In medieval times, food piled on bread was the norm. Prior to the fork, it was common to scoop meat and other food on two pieces of bread and spread it around with a knife. The leftover pieces of bread, called trenchers, were often fed to pets when the meal was complete. Primary sources from the 16th and 17th centuries refer to handheld snacks as “bread and meat” or “bread and cheese.” People often ate sandwiches, they simply didn’t call them that.

Regardless of the sandwich-like foods that were eaten prior to the 18th century, it appears that the 4th Earl of Sandwich is responsible for the emergence of the sandwich as a distinct food category. But how this happened is unclear. The most popular story relates to Montague’s fondness for eating salted beef between pieces of toasted bread. Montague was also known for his gambling habit and would apparently eat this proto sandwich one-handed during his endless hours at a famous London gambling club. His comrades began to request “the same as Sandwich” and eventually the snack acquired its name.
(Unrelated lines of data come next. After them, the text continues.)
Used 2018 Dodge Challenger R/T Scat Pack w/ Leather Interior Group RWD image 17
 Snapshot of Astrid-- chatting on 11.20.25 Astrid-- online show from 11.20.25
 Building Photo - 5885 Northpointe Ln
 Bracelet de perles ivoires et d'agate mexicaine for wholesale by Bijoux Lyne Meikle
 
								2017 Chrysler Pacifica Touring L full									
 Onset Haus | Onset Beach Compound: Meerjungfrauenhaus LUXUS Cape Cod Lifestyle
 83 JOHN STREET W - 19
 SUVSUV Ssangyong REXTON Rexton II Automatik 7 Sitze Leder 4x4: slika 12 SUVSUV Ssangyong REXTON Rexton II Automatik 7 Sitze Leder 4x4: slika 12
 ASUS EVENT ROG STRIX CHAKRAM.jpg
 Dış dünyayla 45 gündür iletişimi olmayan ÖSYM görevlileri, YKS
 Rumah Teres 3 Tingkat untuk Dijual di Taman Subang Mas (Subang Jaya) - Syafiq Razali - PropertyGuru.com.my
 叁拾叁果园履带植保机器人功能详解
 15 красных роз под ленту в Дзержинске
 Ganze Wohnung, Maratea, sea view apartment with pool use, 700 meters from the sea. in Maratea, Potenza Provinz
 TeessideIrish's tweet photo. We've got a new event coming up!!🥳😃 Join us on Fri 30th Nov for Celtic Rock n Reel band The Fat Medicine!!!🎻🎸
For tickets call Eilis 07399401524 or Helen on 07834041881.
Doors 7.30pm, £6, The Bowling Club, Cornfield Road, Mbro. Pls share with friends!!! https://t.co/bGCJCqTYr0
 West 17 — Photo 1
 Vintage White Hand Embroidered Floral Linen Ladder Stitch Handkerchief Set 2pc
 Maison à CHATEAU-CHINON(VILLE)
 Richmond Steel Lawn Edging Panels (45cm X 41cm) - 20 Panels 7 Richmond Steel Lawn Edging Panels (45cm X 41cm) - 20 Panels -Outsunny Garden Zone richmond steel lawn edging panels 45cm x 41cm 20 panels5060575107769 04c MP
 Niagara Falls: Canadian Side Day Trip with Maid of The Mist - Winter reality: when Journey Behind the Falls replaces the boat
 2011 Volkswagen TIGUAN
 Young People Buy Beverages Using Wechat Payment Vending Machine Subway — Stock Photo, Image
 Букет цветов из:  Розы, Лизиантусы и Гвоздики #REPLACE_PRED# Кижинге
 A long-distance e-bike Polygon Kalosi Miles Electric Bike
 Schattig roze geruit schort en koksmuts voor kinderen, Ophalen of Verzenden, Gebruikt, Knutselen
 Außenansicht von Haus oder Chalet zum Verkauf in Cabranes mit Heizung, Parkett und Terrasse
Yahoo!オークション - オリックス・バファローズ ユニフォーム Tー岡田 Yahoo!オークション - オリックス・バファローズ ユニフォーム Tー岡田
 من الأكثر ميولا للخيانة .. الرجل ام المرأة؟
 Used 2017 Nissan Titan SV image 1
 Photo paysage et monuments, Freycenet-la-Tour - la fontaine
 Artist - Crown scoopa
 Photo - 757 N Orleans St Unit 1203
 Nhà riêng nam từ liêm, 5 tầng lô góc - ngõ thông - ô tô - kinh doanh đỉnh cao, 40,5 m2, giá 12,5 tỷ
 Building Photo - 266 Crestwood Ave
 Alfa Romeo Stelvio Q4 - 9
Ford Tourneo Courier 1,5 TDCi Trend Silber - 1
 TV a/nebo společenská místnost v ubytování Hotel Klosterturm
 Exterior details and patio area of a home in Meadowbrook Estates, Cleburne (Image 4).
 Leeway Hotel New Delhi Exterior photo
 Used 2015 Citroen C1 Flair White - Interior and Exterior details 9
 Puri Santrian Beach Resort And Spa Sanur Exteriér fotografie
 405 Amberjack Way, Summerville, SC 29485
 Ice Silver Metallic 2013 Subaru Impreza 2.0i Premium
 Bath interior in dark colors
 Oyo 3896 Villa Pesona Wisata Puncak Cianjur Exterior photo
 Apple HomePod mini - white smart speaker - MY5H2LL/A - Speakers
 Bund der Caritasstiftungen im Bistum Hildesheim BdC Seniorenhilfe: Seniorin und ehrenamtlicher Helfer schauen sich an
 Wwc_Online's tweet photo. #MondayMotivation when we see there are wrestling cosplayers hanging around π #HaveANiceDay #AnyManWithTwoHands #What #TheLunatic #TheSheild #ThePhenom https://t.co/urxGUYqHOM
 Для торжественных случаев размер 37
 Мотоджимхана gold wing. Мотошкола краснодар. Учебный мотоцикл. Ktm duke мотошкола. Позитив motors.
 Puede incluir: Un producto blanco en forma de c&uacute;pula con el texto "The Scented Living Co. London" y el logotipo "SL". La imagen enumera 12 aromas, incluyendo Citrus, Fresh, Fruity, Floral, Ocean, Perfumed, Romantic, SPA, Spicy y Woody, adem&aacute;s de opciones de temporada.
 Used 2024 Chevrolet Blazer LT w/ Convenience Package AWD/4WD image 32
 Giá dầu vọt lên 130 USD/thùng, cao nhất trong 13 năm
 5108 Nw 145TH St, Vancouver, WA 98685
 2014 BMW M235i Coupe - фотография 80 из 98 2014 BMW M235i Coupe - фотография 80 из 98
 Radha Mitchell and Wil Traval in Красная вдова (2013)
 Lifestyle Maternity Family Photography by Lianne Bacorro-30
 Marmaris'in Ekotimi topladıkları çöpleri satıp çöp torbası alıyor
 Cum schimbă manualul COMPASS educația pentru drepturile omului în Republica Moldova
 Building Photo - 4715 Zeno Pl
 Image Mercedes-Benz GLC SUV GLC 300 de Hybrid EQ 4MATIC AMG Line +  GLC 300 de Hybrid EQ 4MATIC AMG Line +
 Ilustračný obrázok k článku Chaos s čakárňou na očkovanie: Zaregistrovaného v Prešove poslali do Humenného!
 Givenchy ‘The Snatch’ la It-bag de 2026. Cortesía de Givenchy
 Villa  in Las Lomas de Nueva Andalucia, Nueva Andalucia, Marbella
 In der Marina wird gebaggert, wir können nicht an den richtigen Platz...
The source that supports this story is Tour to London, a travel book that was popular at the time among the upper echelons of society. In one passage, the author of the book, Pierre Jean Grosley, claimed that in 1765, ”a minister of State passed Four and Twenty hours at a public gaming table, so absorpt in play that, during the whole time, he had no subsistence but a bit of beef between two slices of toasted bread. This new dish grew highly in vogue… it was called by the name of the minister who invented it.” According to this scenario,” sandwich” initially referred to Montagu’s preferred beef and bread meal and was subsequently used as an umbrella phrase for a variety of sandwich types.

John Montagu’s biographer, N.A.M.Rodger, offers an alternative explanation for the rise of the sandwich. He argues that during the 1760s, when the sandwich was first called a sandwich, the Earl was actually busy with government responsibilities and didn’t have time to gamble much. He did, however, spend many nights working at his desk, during which time he liked to munch on beef and bread. It is possible, Rodger argues, that the sandwich came to be a reference to the Earl’s tireless work ethic and general fondness for late-night snacking.